2. Insurance products / consumers: The Australian Government announced in the 2022-23 budget that it intended to improve consumer understanding of insurance products as part of a package of reforms designed to reduce the cost of insurance in communities at risk of natural disasters, enhance mitigation measures, and promote better outcomes for consumers. The Treasury has been tasked with exploring possible natural hazard terms to standardise for insurance contracts and to review the standard cover regime. Currently the only natural hazard definition that is standardised is ‘flood.’ This consultation paper seeks feedback from interested stakeholders on potential natural hazard terms for standardisation, as well as possible reform to the standard cover regime. Submissions close on 4 April 2024. The consultation paper is available here

3. APRA to expand stress testing regime:  APRA has announced an intention to expand its stress testing regime and introduce an additional financial system stress test to sharpen APRA’s response to systemic risks across the financial system, including major tech and telecommunications outages, a collapse in the commercial property market or climate change impacts. The additional stress testing will complement APRA’s current ADI stress testing program. It will impact banking, superannuation and insurance sectors, and complements the implementation of CPS 230 in our view. Get started on those implementations now if you have not already! 

4. Insurance & natural disasters:  APRA Executive Director of Insurance, Sean Carmody, has used his address at the Future of Insurance event to call out what APRA sees as the growing gap that exists in relation to the ability of consumers to access insurance.  He noted that collective responses to risk mitigation through both government and industry will be important in ensuring that markets remain accessible in a market beginning to feel the impacts of increasing natural disasters. Mr. Carmody highlighted the need for industry to drive a collective response through increased innovation and transparency around products being offered in order to address growing concerns. In our view, all of this fits within the context of Design & Distributions obligations, and ultimately personal responsibilities under FAR.

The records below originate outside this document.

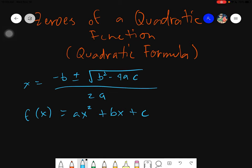Salam alaikum warahmatullahi wabarakatuh. Good day again, everyone. Today we will be learning about the zeros of a quadratic function and how to find them using the quadratic formula.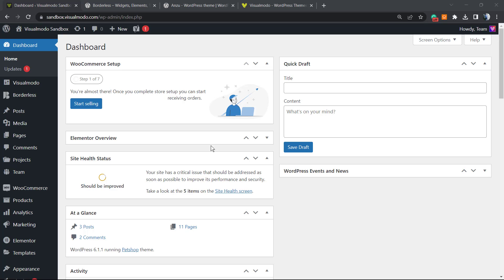Before we continue, I must explain more about the ImageMagick module. It's a PHP module on all WordPress installations. There are two possibilities here: we're talking about site load speed and image quality. On one hand we have site load speed, and on the other hand we have image quality.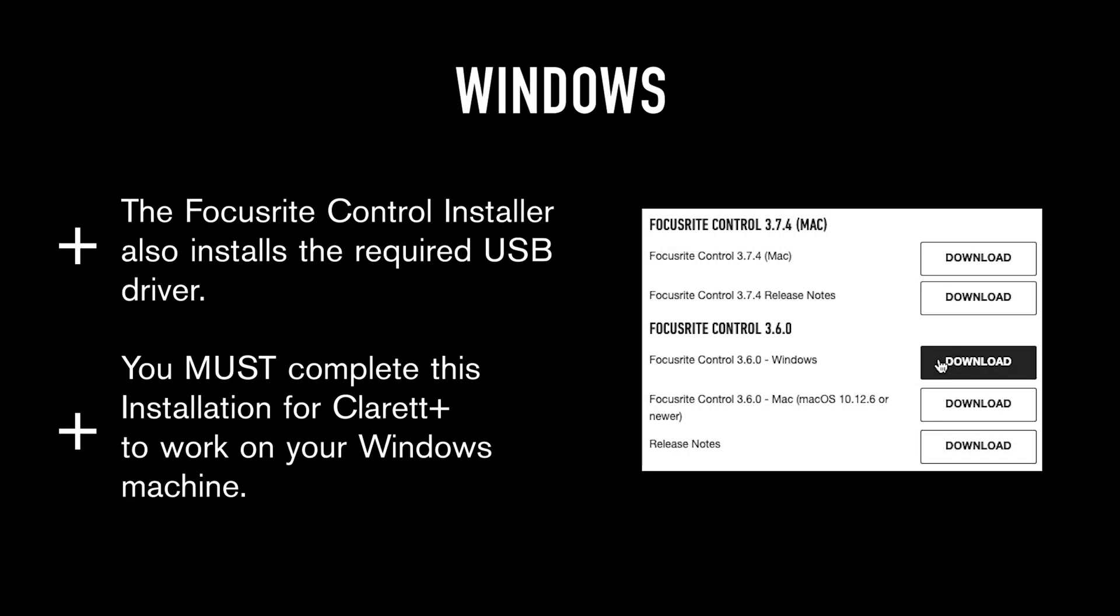For Windows, the Focusrite Control installer also installs the required USB driver. This means that as a Windows user, you must complete this installation for the Claret Plus to work on your machine.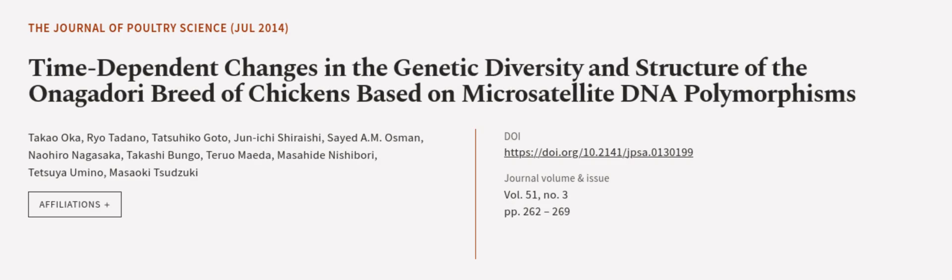This article was authored by Takao Oka, Ryo Tadano, Tatsuhiko Gotu, and others.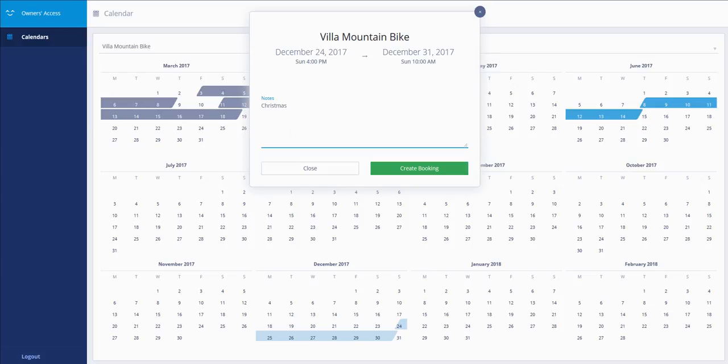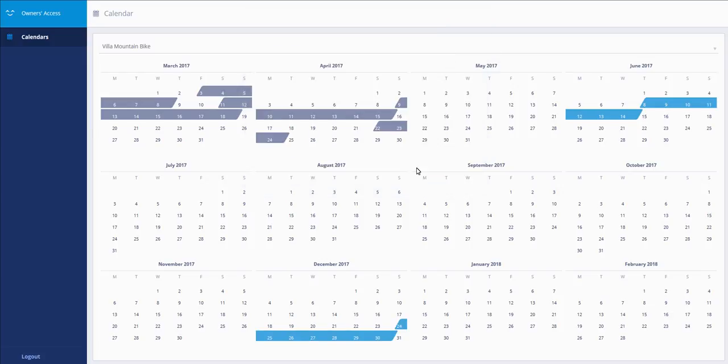Once you're ready, you can click on Create Booking. And this period will also be blocked on your manager's site in his BookingSync account.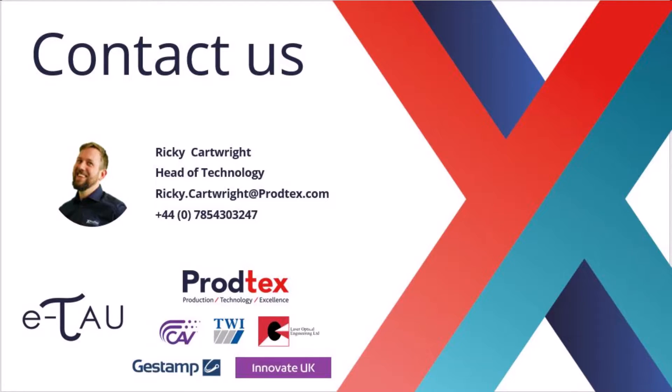Or alternatively, please reach out to us directly via the contact details on screen and we'd be happy to discuss this project in more detail.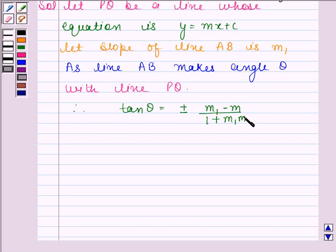This is because the angle between two lines having slopes m1 and m2 is given by tan theta equals mod of m2 minus m1 upon 1 plus m1 times m2.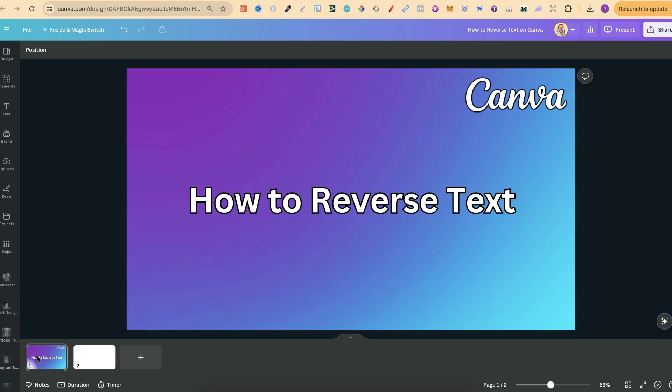In this tutorial, I'm going to show you how to reverse text here in Canva.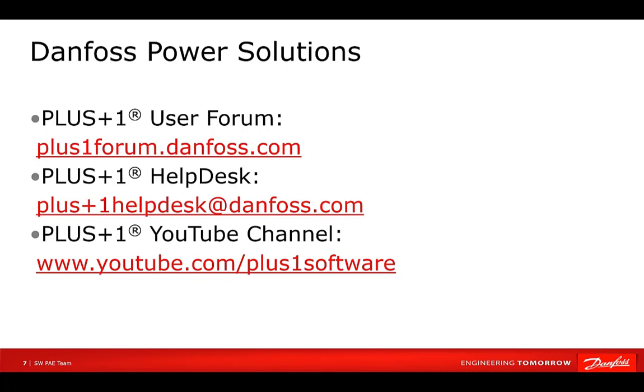We hope you find this video useful. Remember that Plus One Community Help is available on the Plus One User Forum. Also check out our other videos on our YouTube channel, and you can always contact the Plus One Help Desk with questions. Thank you for your attention.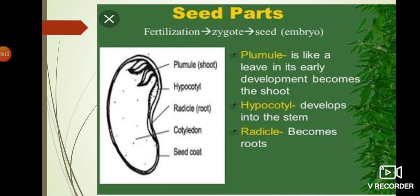The next part is the radicle. The radicle is the root part of the plant that emerges out from the seed during germination - the radicle comes out first. Then plumule - the plumule is a younger leaf, the early development before the shoot system. That leaf part is called plumule. The next is hypocotyl - the hypocotyl develops into the stem. Plumule is the leaf part, hypocotyl is the stem part, and radicle becomes the root.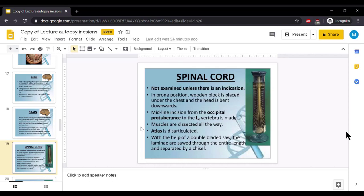How we will open the spinal cord? Mostly, spinal cord is not opened. It is opened only when there is special indication.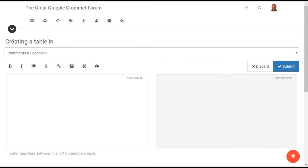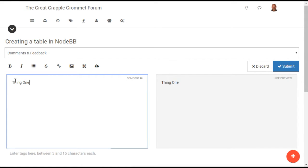Creating a table in NodeBB is very simple. To start, enter one or more items separated by the pipe or vertical bar character that will serve as the header row for your table.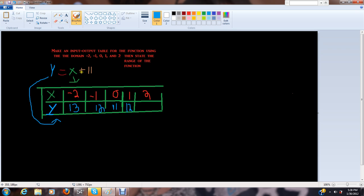Then 11 plus 2, or 11 plus x, is y equals 13.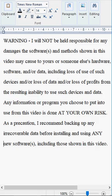Warning: I will not be held responsible for any damages the software and methods shown in this video may cause to yours or someone else's hardware, software, and/or data, including loss of use of such devices and/or loss of data and/or loss of profits from the resulting inability to use such devices and data. Any information or program you choose to put into use from this video is done at your own risk.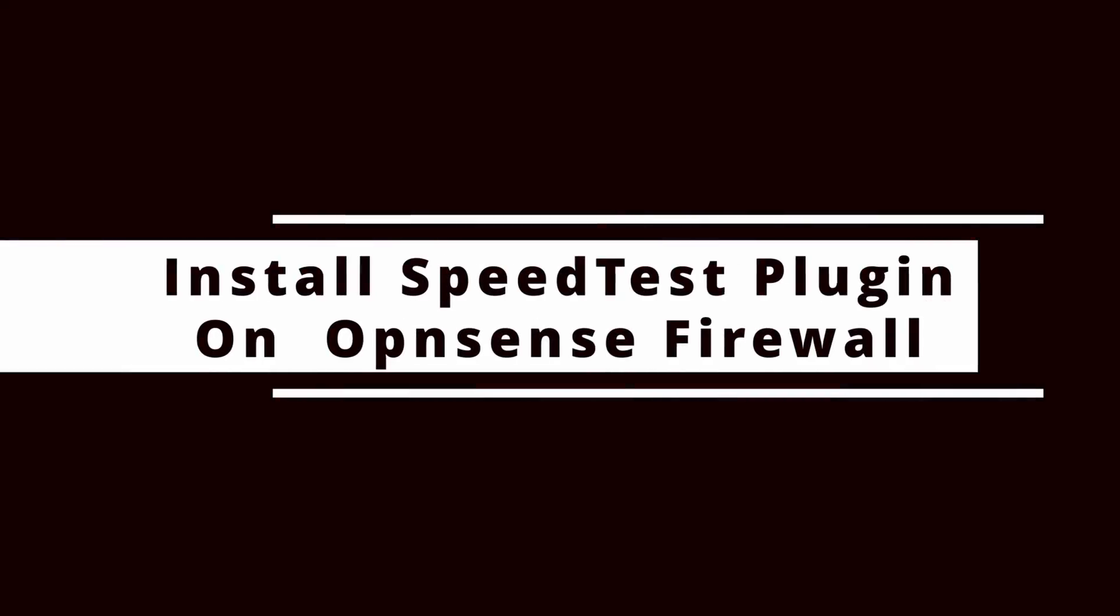Have you ever wanted to take your OpenSense and actually run the speed test directly on it rather than on your computer? Well that's what we're going to do today so let's get started.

International perspective: one of the more fascinating aspects of the US SEC, is that is has 5 Commissioners (essentially a board), who are appointed by the President and confirmed by the Senate. Commissioner Hester Peirce said to a crypto conference last week that the SEC is in “enforcement-only mode”, and “If we had clearer rules you could focus on building” - it reflects the deep division in regulation of crypto in the US, including within the premier regulator itself.